Abstract

ESA defines as Earth Observation (EO) Level 2 information product a single-date multi-spectral (MS) image corrected for atmospheric, adjacency and topographic effects, stacked with its data-derived scene classification map (SCM), whose legend includes quality layers cloud and cloud-shadow. No ESA EO Level 2 product has ever been systematically generated at the ground segment. To fill the information gap from EO big data to ESA EO Level 2 product in compliance with the GEO-CEOS stage 4 validation (Val) guidelines, an off-the-shelf Satellite Image Automatic Mapper (SIAM) lightweight computer program was validated by independent means on an annual 30 m resolution Web-Enabled Landsat Data (WELD) image composite time-series of the conterminous U.S. (CONUS) for the years 2006–2009. The SIAM core is a prior knowledge-based decision tree for MS reflectance space hyperpolyhedralization into static color names.
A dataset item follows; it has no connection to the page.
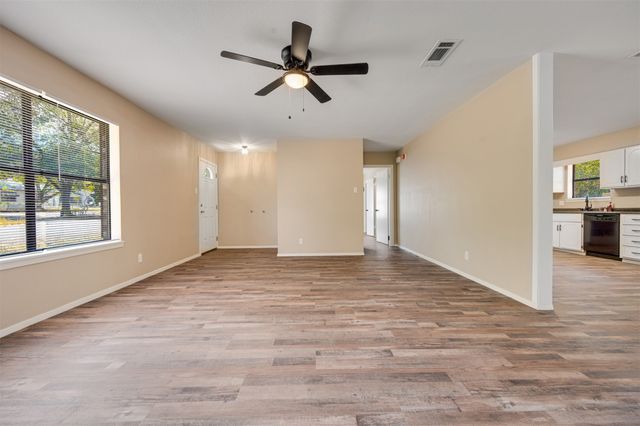 740 10th Street SE, Paris, TX 75460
Typically, a vocabulary of MS color names in a MS data (hyper)cube and a dictionary of land cover (LC) class names in the scene-domain do not coincide and must be harmonized (reconciled). The present Part 1—Theory provides the multidisciplinary background of a priori color naming. The subsequent Part 2—Validation accomplishes a GEO-CEOS stage 4 Val of the test SIAM-WELD annual map time-series in comparison with a reference 30 m resolution 16-class USGS National Land Cover Data 2006 map, based on an original protocol for wall-to-wall thematic map quality assessment without sampling, where the test and reference maps feature the same spatial resolution and spatial extent, but whose legends differ and must be harmonized.

Highlights

  • Proposed by the intergovernmental Group on Earth Observations (GEO) and the Committee on Earth Observation Satellites (CEOS), the implementation plan for years 2005–2015 of the Global Earth Observation System of Systems (GEOSS) aimed at systematic transformation of multi-source Earth observation (EO) big data into timely, comprehensive and operational EO value-adding products and services (GEO, 2005), submitted to the GEO-CEOS Quality Assurance Framework for Earth Observation (QA4EO) calibration/validation (Cal/Val) requirements and suitable “to allow the access to the Right Information, in the Right Format, at the Right Time, to the Right People, to Make the Right Decisions” (Group on Earth Observation/Committee on Earth Observation Satellites (GEO-CEOS), 2010)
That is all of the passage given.